***** RECORDED DATA *****

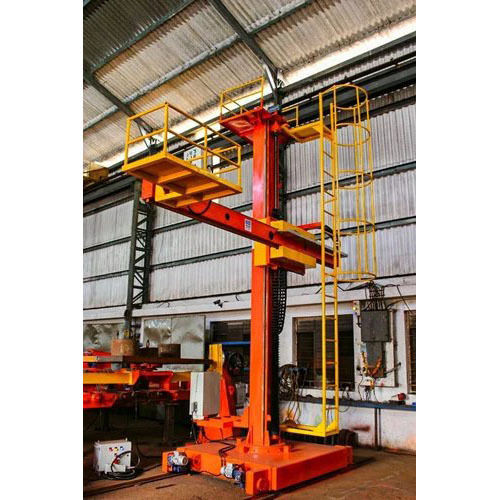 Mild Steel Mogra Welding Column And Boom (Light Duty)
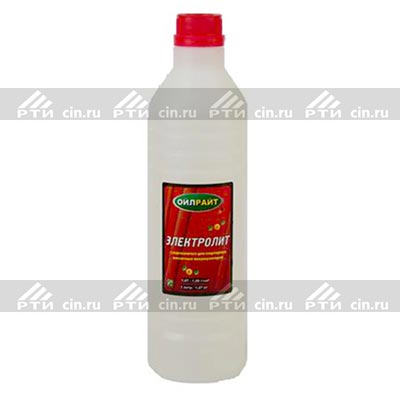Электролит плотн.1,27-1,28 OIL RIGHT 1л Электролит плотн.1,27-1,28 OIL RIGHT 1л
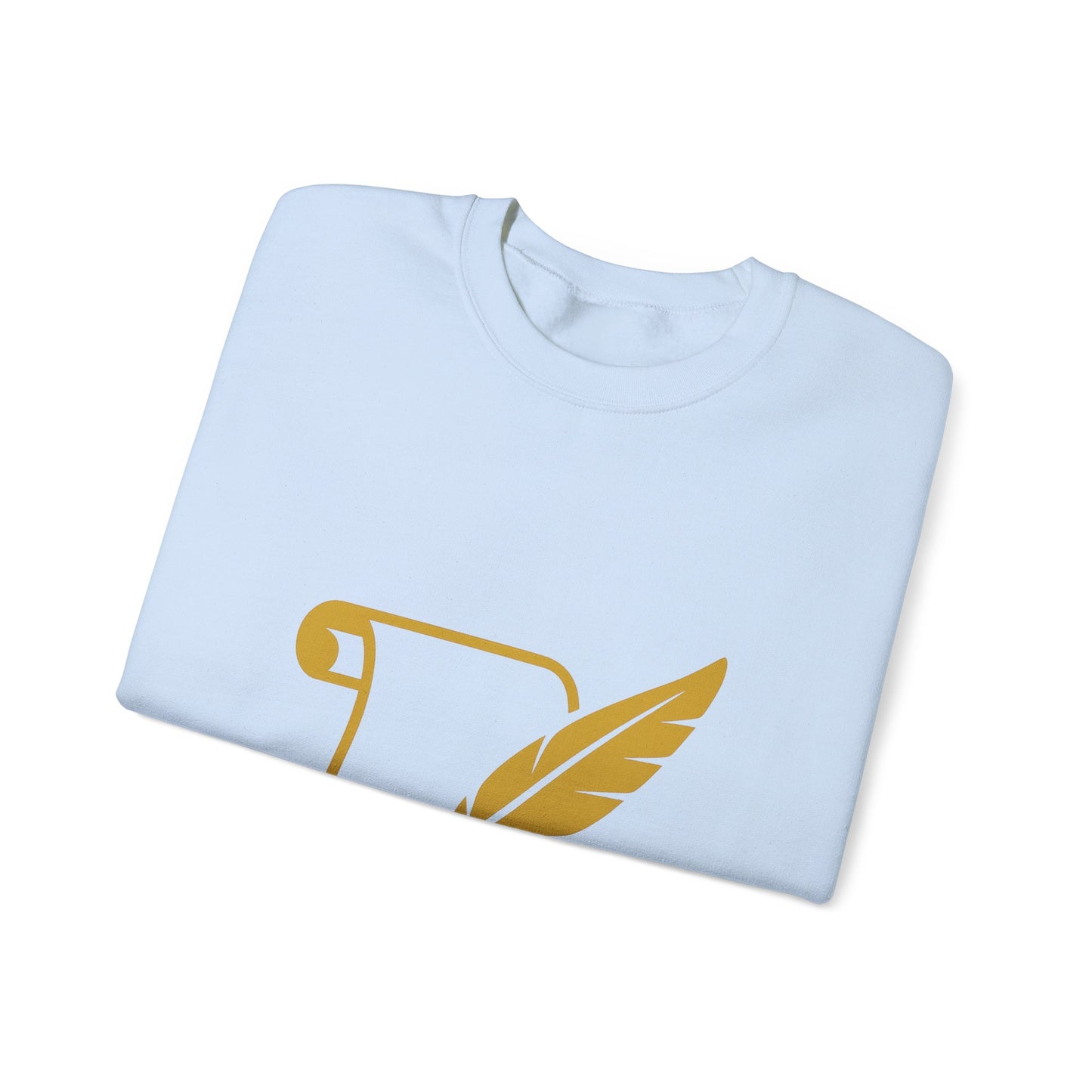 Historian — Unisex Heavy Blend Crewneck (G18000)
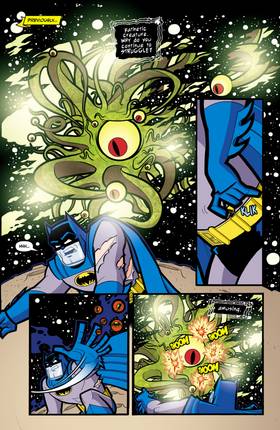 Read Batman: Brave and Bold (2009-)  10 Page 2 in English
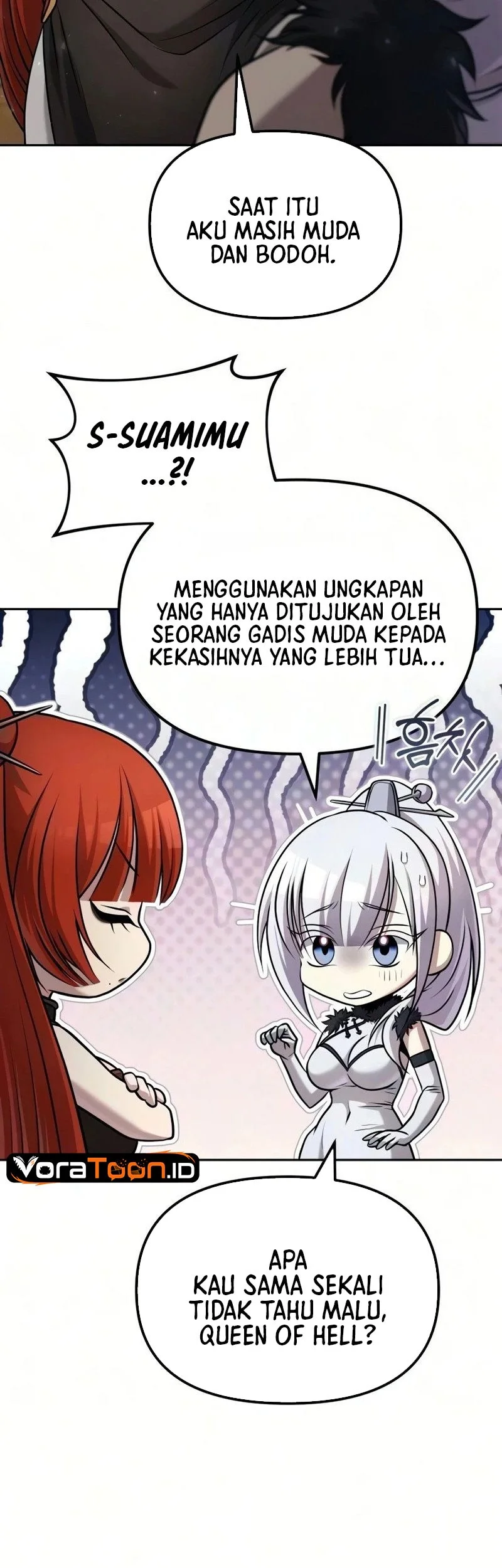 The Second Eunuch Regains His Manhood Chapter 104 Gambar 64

*****

YOUR TASK: If a record holds a picture, leave the picture out, but copy everything else exactly.

RESPONSE BELOW:
 Mild Steel Mogra Welding Column And Boom (Light Duty)
Электролит плотн.1,27-1,28 OIL RIGHT 1л Электролит плотн.1,27-1,28 OIL RIGHT 1л
 Historian — Unisex Heavy Blend Crewneck (G18000)
 Read Batman: Brave and Bold (2009-)  10 Page 2 in English
 The Second Eunuch Regains His Manhood Chapter 104 Gambar 64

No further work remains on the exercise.